I. Einführung

Bußgeldverfahren im Straßenverkehr werden meist aufgrund sog. Kennzeichenanzeigen in Gang gesetzt. Wird jemand "geblitzt", ermittelt die Bußgeldbehörde anhand des Fahrzeugkennzeichens den Fahrzeughalter und schickt ihm innerhalb von zwei Wochen einen Anhörungsbogen. Antwortet der Halter nicht oder schreibt er zurück, er wisse nicht mehr, wer gefahren sei, gerät die Behörde erst einmal in Beweisnot. Eine Halterhaftung kennt das deutsche Recht nämlich nicht. Bei Geschwindigkeitsübertretungen werden zusammen mit der Messung auch sog. Blitzerfotos gefertigt, die den Fahrer des "geblitzten" Fahrzeugs zeigen. Kommt es zu einer Verhandlung, kann solch ein Foto als Beweis für eine Täterschaft dienen und vom Gericht für eine Verurteilung herangezogen werden. Doch dafür müssen bestimmte Voraussetzungen erfüllt sein.

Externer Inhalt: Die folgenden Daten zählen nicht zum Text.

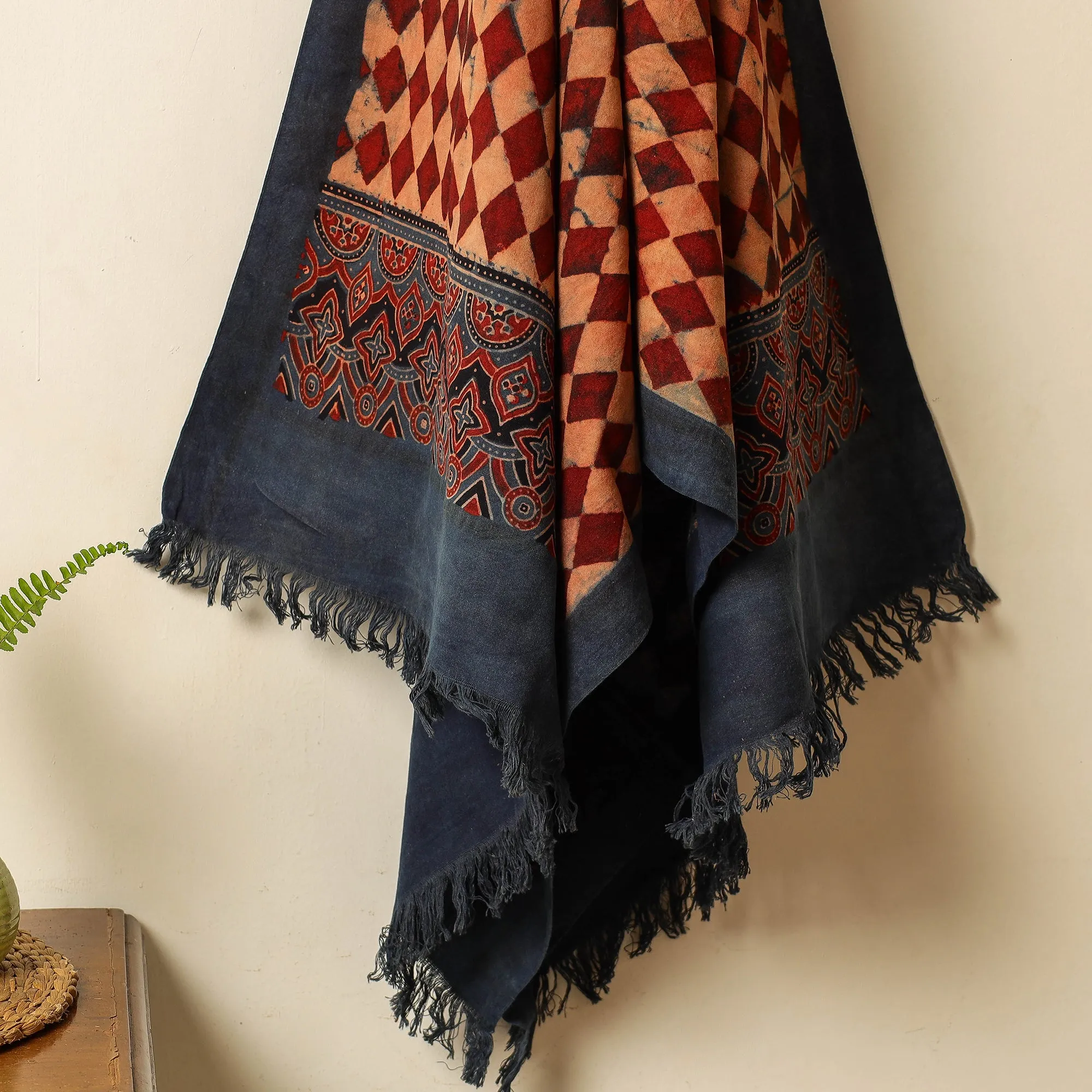 Ajrakh Block Printed Handloom Cotton Towel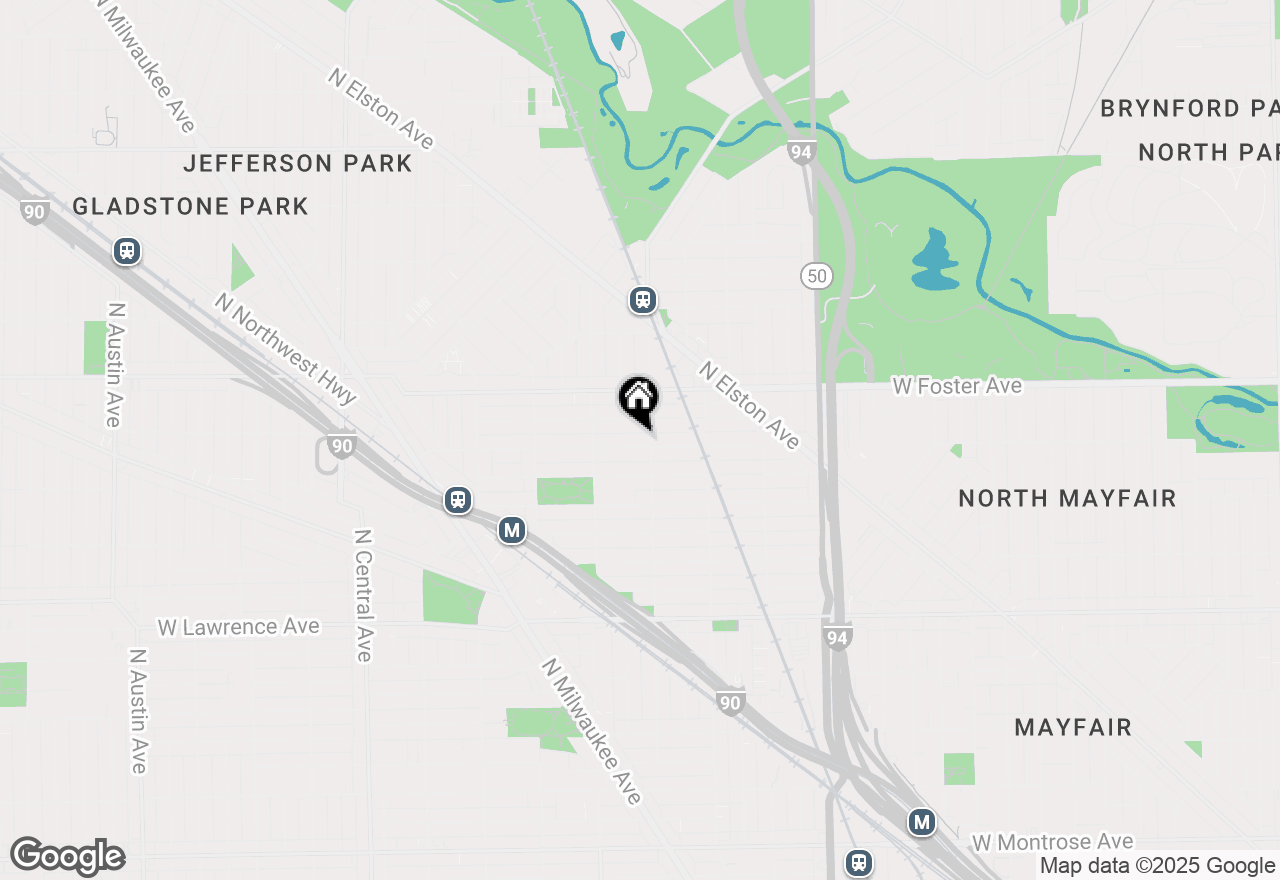 Map of 5110 W Carmen Avenue, Chicago, IL 60630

II. Grundsatz: Keine Halterhaftung für OWis/Foto als grundsätzliches Beweismittel

Oft ist es der Polizei oder den Überwachungsbehörden, die einen Regelverstoß im fließenden Straßenverkehr feststellen, nicht möglich, den Verkehrssünder anzuhalten. Über das amtliche Kennzeichen kann die Verwaltungsbehörde zunächst nur den formellen Fahrzeughalter, nicht jedoch den Fahrer des Fahrzeugs zu einem bestimmten Zeitpunkt ermitteln (Fromm, NZV 2018, 161).

Für eine Ordnungswidrigkeit (OWi) kann aber nur derjenige belangt werden, der den vorgeworfenen Verstoß auch begangen hat. Eine Halterhaftung kennt das deutsche Recht nicht (AG Bochum, Beschl. v. 27.2.2012 – 29 Gs 2/12). Nur für Verstöße gegen ein Halt- oder Parkverbot können nach § 25a Abs. 1 S. 1 StVG dem Halter die Kosten des Verfahrens auferlegt werden (BayVGH, Urt. v. 1.4.2019 – 11 B 19.56). Ansonsten kann nur der Fahrer für (s)einen Verkehrsverstoß herangezogen werden. Der Erlass eines Bußgeldbescheids setzt stets voraus, dass die Behörde einen dem Ermittlungsverfahren angemessenen Grad an Überzeugung von der Täterschaft des Betroffenen gewonnen hat (VG Düsseldorf, Beschl. v. 15.7.2014 – 14 L 1505/14).

 

Hinweis:

Der Halterbegriff entstammt § 833 BGB und gilt einheitlich für das gesamte Straßenverkehrsrecht. Maßgeblich ist, von wem das Fahrzeug auf eigene Rechnung gebraucht wird, wer also die Kosten bestreitet und die Verwendungsnutzungen zieht und wer tatsächlich, vornehmlich wirtschaftlich, über’die’Fahrzeugbenutzung (als Gefahrenquelle) so verfügen kann, dass es dem Wesen der Veranlasserhaftung entspricht (AG Zweibrücken, Urt. v. 29.10.2018 – 1 OWi 4285 Js 7167/18).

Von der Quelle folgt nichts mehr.